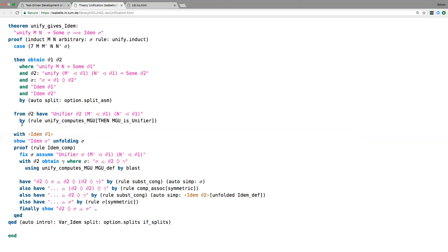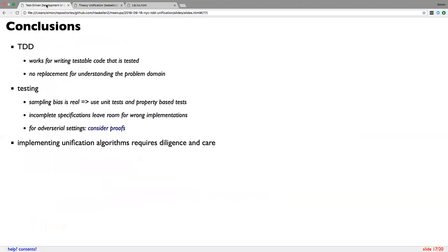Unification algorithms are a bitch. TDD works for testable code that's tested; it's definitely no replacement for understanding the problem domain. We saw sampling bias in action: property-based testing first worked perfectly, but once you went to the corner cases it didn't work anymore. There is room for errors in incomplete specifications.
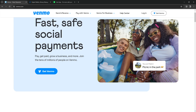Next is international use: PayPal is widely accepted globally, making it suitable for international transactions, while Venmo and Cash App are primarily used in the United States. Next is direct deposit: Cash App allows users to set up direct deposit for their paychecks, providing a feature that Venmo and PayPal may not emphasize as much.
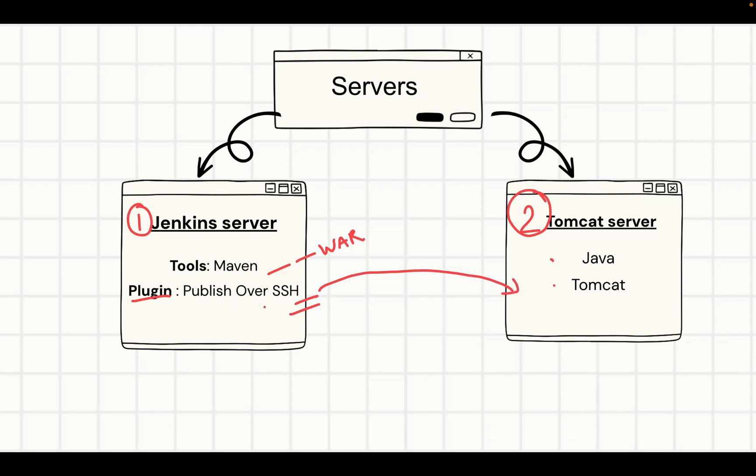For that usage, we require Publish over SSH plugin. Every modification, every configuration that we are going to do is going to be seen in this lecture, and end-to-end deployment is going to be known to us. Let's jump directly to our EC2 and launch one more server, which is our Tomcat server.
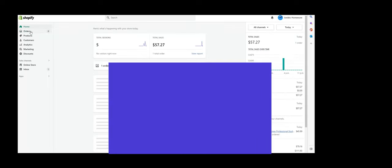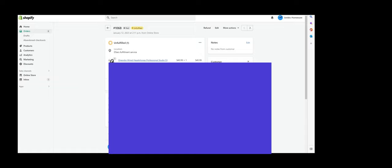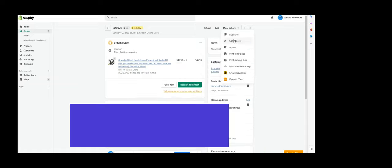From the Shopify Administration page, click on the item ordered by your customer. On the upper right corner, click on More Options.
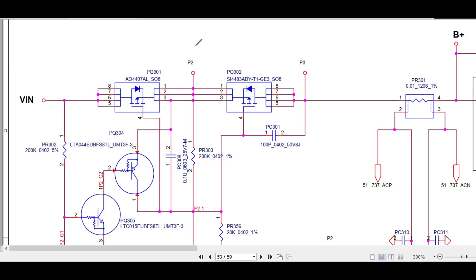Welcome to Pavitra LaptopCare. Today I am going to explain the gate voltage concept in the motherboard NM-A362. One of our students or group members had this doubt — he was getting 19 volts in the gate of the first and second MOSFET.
* * * * * * *
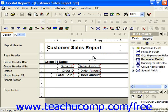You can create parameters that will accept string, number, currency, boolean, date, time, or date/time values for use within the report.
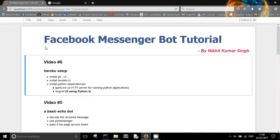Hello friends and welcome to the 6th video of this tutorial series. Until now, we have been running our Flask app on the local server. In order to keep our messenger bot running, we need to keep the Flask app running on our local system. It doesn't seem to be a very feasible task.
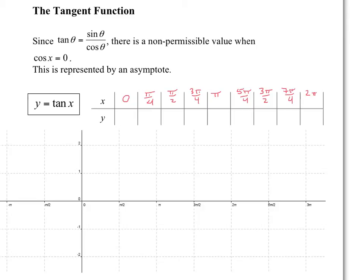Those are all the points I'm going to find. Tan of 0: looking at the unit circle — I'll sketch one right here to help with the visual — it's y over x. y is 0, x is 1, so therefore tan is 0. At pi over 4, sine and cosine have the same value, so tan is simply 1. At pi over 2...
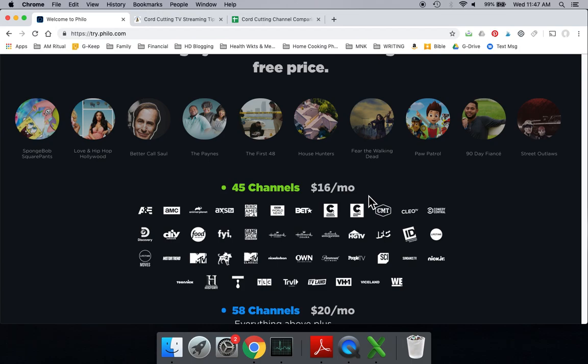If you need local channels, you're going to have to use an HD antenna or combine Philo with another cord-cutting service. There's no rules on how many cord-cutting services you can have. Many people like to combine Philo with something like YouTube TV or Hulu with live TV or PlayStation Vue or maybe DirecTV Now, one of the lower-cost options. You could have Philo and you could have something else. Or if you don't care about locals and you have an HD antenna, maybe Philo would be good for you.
* * * * * * *
What this task involves: Starting with the line that has "From the Shopify" and going on through the line that has "Welcome to Pavitra", transcribe the records above exactly, but skip the pictures.

Output below:
From the Shopify Administration page, click on the item ordered by your customer. On the upper right corner, click on More Options.
Welcome to Pavitra LaptopCare. Today I am going to explain the gate voltage concept in the motherboard NM-A362. One of our students or group members had this doubt — he was getting 19 volts in the gate of the first and second MOSFET.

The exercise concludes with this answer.